* **WHAT TO WORK ON**
Set down exact lines only, from the line with "Joanna Cole Magic" through the last line of the material below, with every picture left out.

* **PROVIDED MATERIAL**
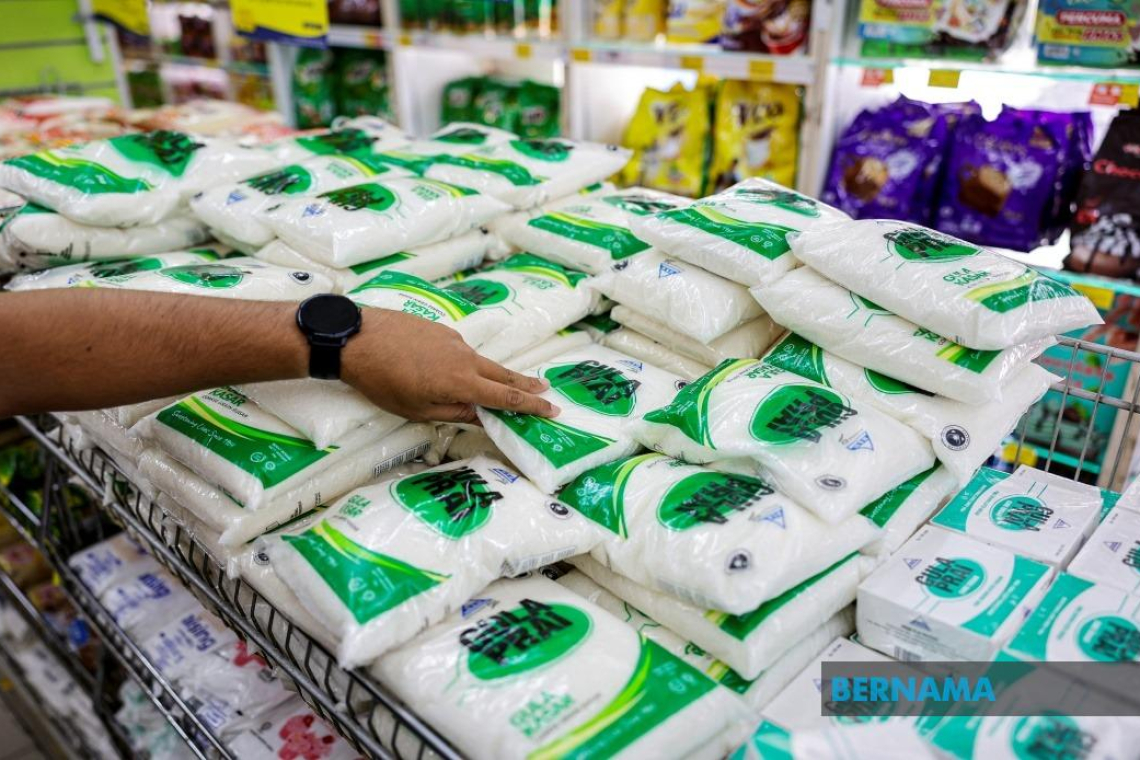 Gula Bertapis Kekal Tidak Dikenakan Cukai Di Bawah Semakan SST - MOF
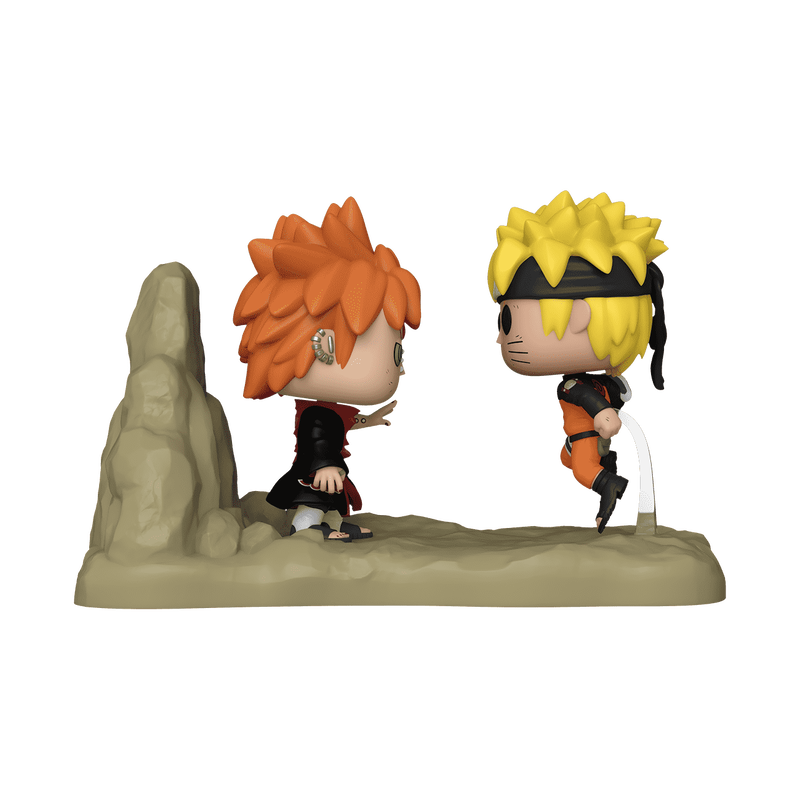 POP MOMENT NARUTO VS PAIN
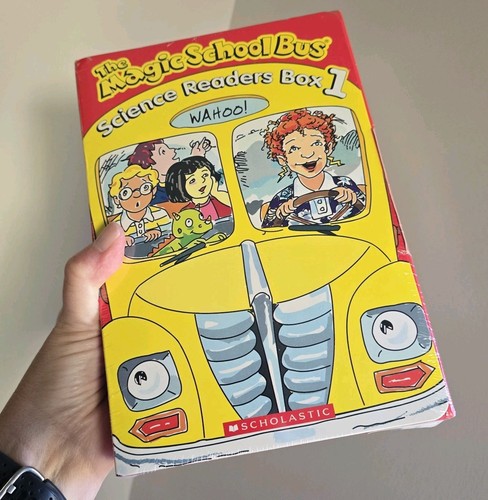 Joanna Cole Magic School Bus 20 Bücher Box Set, Science Reader Box 1 & 2 - Bild 3 von 5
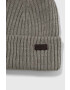 Barbour Súprava Crimdon Beanie & Scarf Gift Set šedá farba MGS0019 - Pepit.sk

* **REPLY**
 Joanna Cole Magic School Bus 20 Bücher Box Set, Science Reader Box 1 & 2 - Bild 3 von 5
 Barbour Súprava Crimdon Beanie & Scarf Gift Set šedá farba MGS0019 - Pepit.sk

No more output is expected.